Shocked, but not surprised. For there is nothing new about the old East Germany shocking Germany. It has long been the received wisdom that Germany needs to take account of, and deal with, the real problems and genuine concerns of people in the old east. People have been saying this since the Saxons first shocked the newly reunited country in 1991. That year, after a week of violence in the small town of Hoyerswerda, about 230 asylum seekers were simply spirited away by the authorities at dead of night. For the neo-Nazis, it was an epochal victory, still celebrated: the state, they said, could not, or would not, resist a populist right prepared to use open violence.

The answer was not to crack down on the populist right but to find simple explanations for their rise. Things were different in the east, so the line ran, because an entire generation had experienced occupation by the Soviet Union and because reunification itself had been hastily rammed through by Helmut Kohl, then badly handled by gung-ho free-marketers. The answer was a vast programme of aid.

Since 1990, more than €2tn has gone from the old West Germany to the old East Germany, not as a loan but as a subsidy. But it hasn’t worked. In 2004, years before the financial crisis and the new wave of asylum seekers, elections to the Saxon state parliament gave 9.2% to the National Democratic party of Germany (NPD), which hardly bothers even to disguise its neo-Nazi heart.
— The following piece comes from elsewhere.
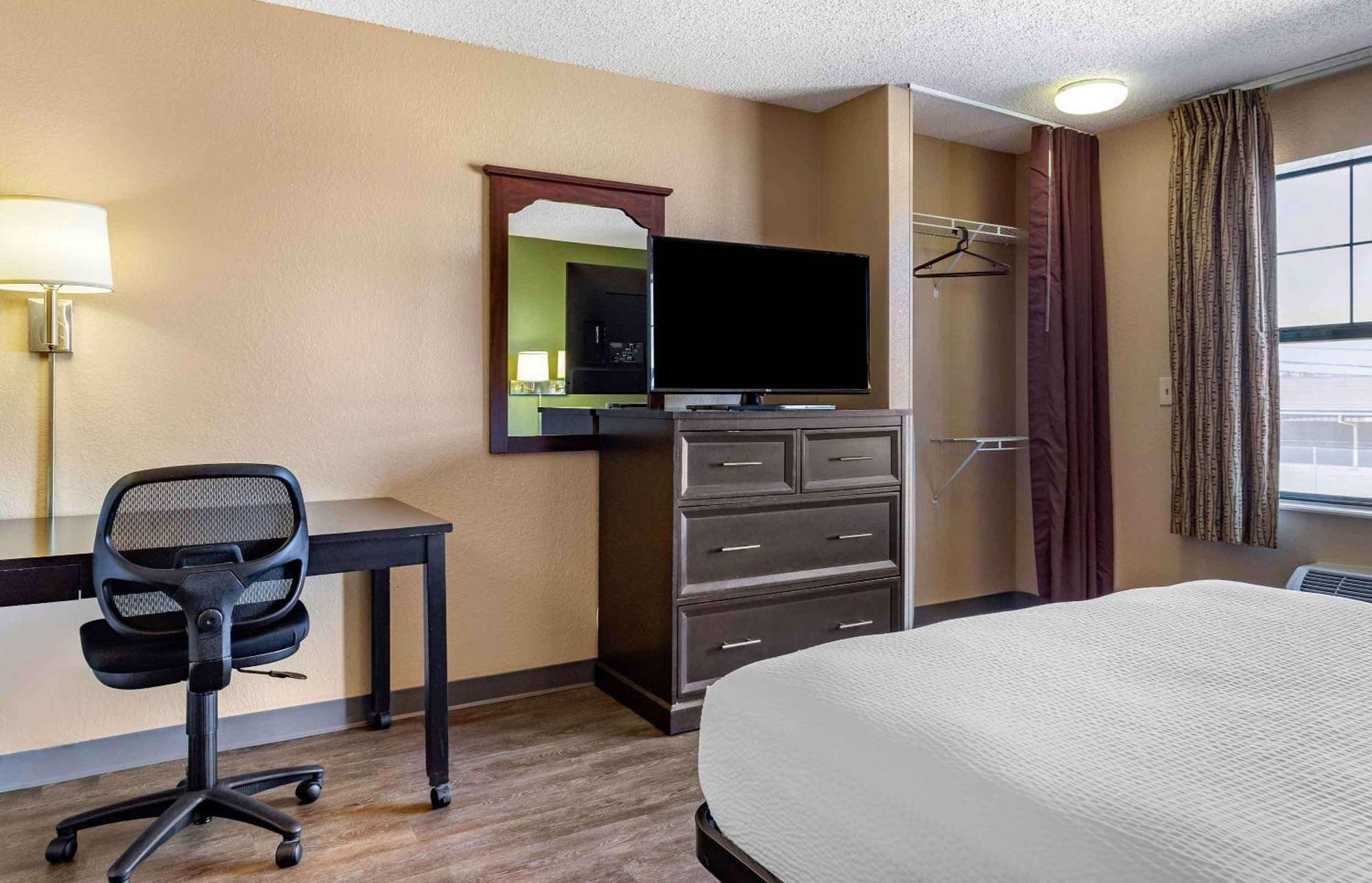 Extended America - - Westchase - Richmond Hotel 2*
That NPD vote has now shifted almost entirely to the Alternative for Germany party (AfD), which has been able to function, though not without strain, as a home both for Tea Party-style alt-right libertarians and for people who carefully proclaim themselves to be both nationalist and socialist. The AfD’s thumping results – up to 35.5% – in parts of the old East Germany now threaten to deform the whole of German national politics. The unnerving images from Chemnitz are merely the most obvious sign of this destabilisation.
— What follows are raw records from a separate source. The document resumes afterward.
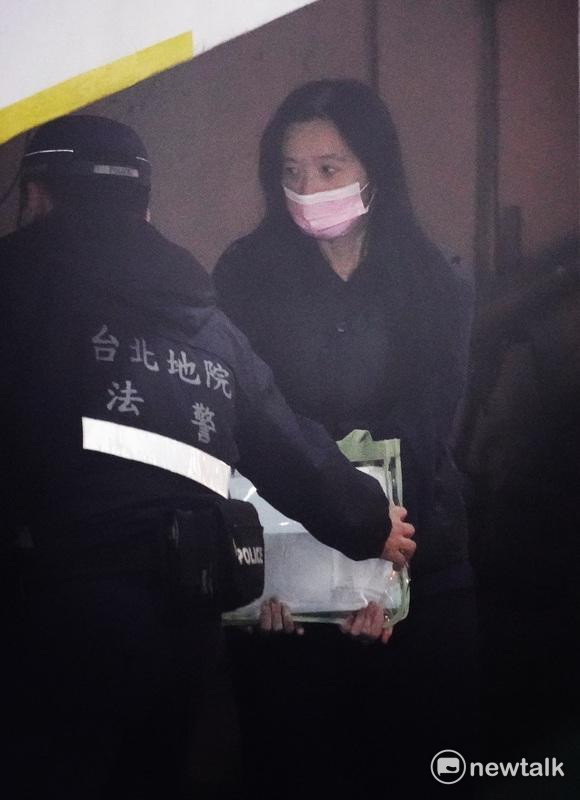 涉嫌柯文哲案的台北市議員應曉薇被送往台北地方法院出庭。   圖：張良一/攝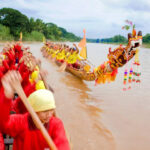 Langbootrennen in Thailand von August bis September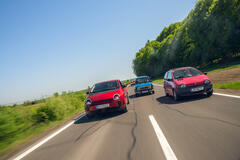 VERGANGENHEIT UND ZUKUNFT AUF VIER RÄDERN: TWINGO TRIFFT FR4ISCHLUFT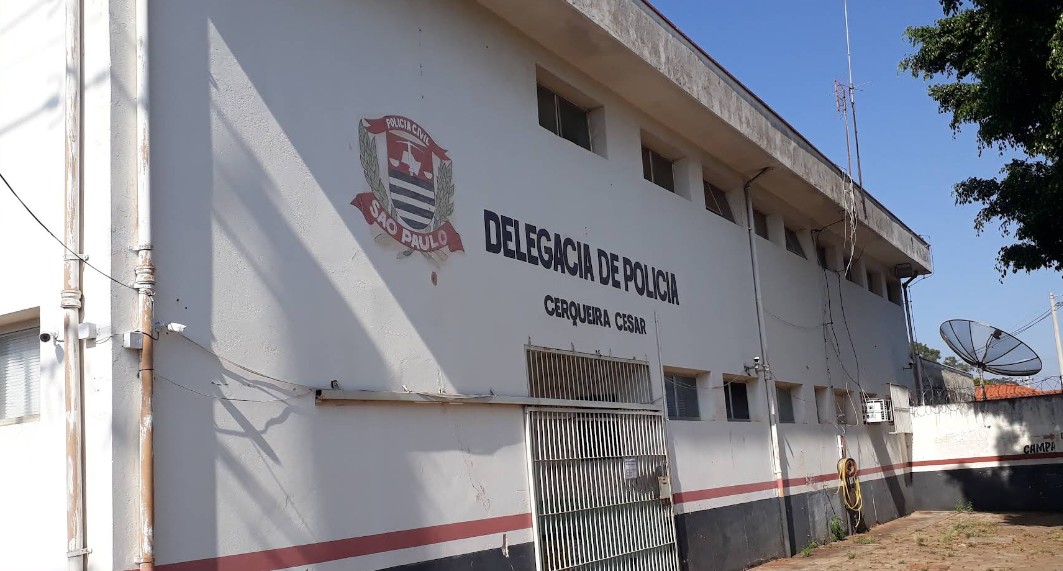 Polícia Civil prende dois suspeitos de golpes com PIX falso contra supermercados em Cerqueira César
Unsurprisingly, western Germans are beginning to ask if €2tn, plus the shifting of the capital to Berlin, with all the additional spending that implies, cannot transform a place of only 17 million people, then perhaps those allegedly real and legitimate grievances are not the root of it at all. In February 2016, Die Welt declared on its front page that it wasn’t the immigrants but the Saxons who had trouble integrating with German culture.
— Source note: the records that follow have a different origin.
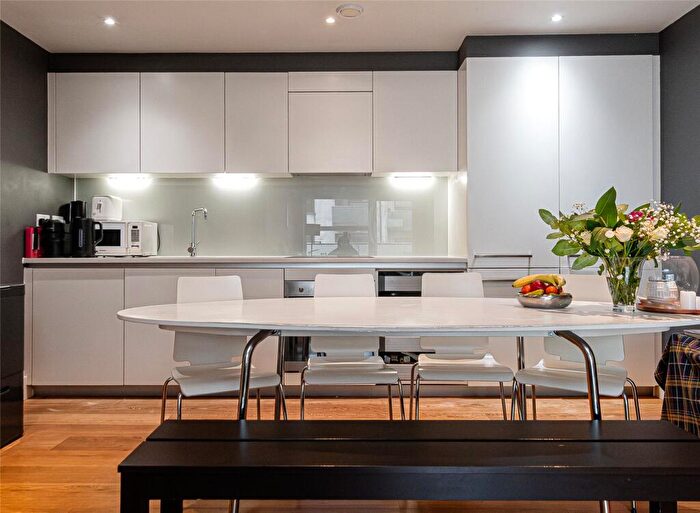 3 Bedroom Apartment For Sale In Tiltman Place, Islington, London, N7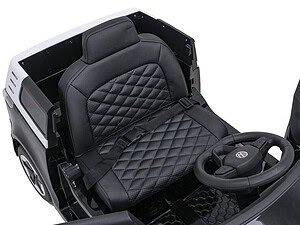 Scaun auto pentru mașini de copii, confort și siguranță în jocurile de rol.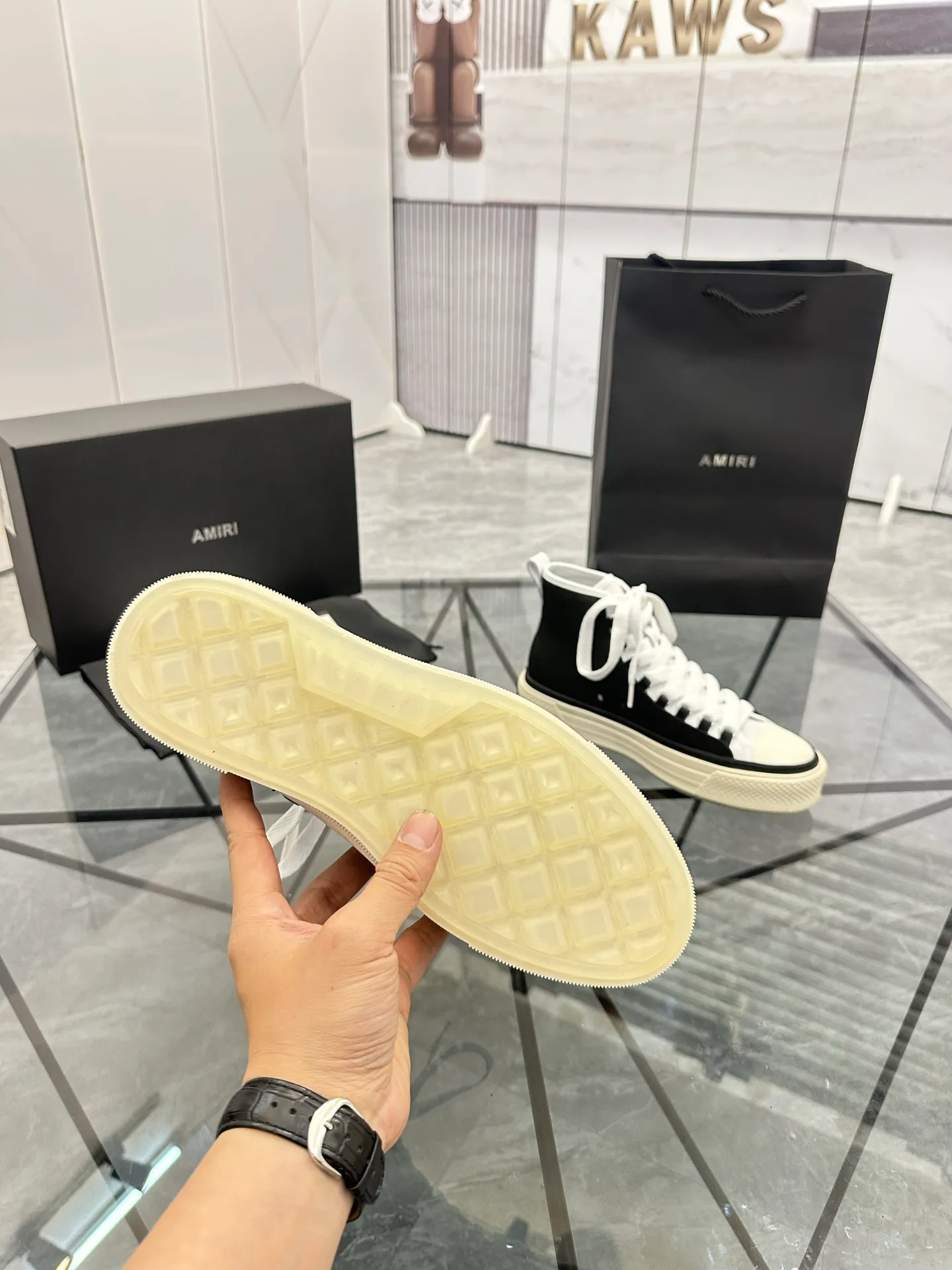 Men's shoes: 💰P560¥ Guangzhou top quality Product trademark: AMIRI* "Amir*" high-top casual shoes Regular size: 39-44 (can be customized to 45) Product materials: upper imported first-layer cowhide stitching original material, sheepskin lining, original outsole. Number: 525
What, then, if it’s actually a question of deep cultural differences? As soon as you look clearly at German history, you see that the vaunted north-south divide in England comes nowhere close. There were no permanent German settlements at all in what we came to call East Germany until the land was gradually conquered – it was quite literally a crusade – after AD1147. We have a very close parallel in the attempted British conquest of Ireland, which began at almost the same time. The inescapable word is colonialism and, in both cases, the vital point is that the colonisation was never wholly successful.

Look again at Hoyerswerda. It lies within the area officially recognised as the cultural homeland of the Sorbs. They are the last remnant of the Slavic natives, their language and all, and their continued presence reminds us that the whole of eastern Germany (which was much larger than now before 1945) was for 800 years contested land between Germans and Slavs.

Generation after generation, the name you called your home town – German form or Slav form – decided much of your life, just as it did and does in Derry/Londonderry. The lurking sense of an ever-present and potentially hostile Other around you permeated all of what Max Weber, father of sociology, called East Elbia. The result, just as in the slave-owning American South, French Algeria or Northern Ireland, was a political tradition in which the “poor whites” demanded (and doffed their caps to) a strong leadership of “their own”, ready to quell the native uprising if it ever came. It was this archetypally colonial politics that always made Prussia so different from the rest of Germany.

The great tragedy of modern German, and indeed European, history is that Prussia managed to defeat and annex the whole country between 1866 and 1871 – and then systematically pushed the idea that this was “unification”. Imagine that in the mid-17th century Ulstermen and Scottish Covenanters – poorer but militarily more organised and accustomed to using armed force in daily life and politics – became paramount over the whole of a hopelessly divided Britain and then deployed all its manpower and wealth in their own interests. That is roughly what happened to the western Germans under Prussia from 1866 to 1945.

Why does it matter today? Because Germany needs to understand its own history, right now. It is hamstrung by the great national fear that militarism and authoritarianism are lying in wait for nice, liberal Germans the moment they crack down on dangers within or resist dangers without. The truth is that ruthless statism was always a Prussian thing, not a German one at all. Prussia has gone. Germany no longer needs to fear itself – and no one else needs to fear it.

Rather than let East German politics once again deform the whole country, Germany must have the confidence to use the full weight of the western Rechtsstaat – the law-based state – to make sure that we never again have to see what we saw last weekend in Chemnitz. It really is the only language these people understand.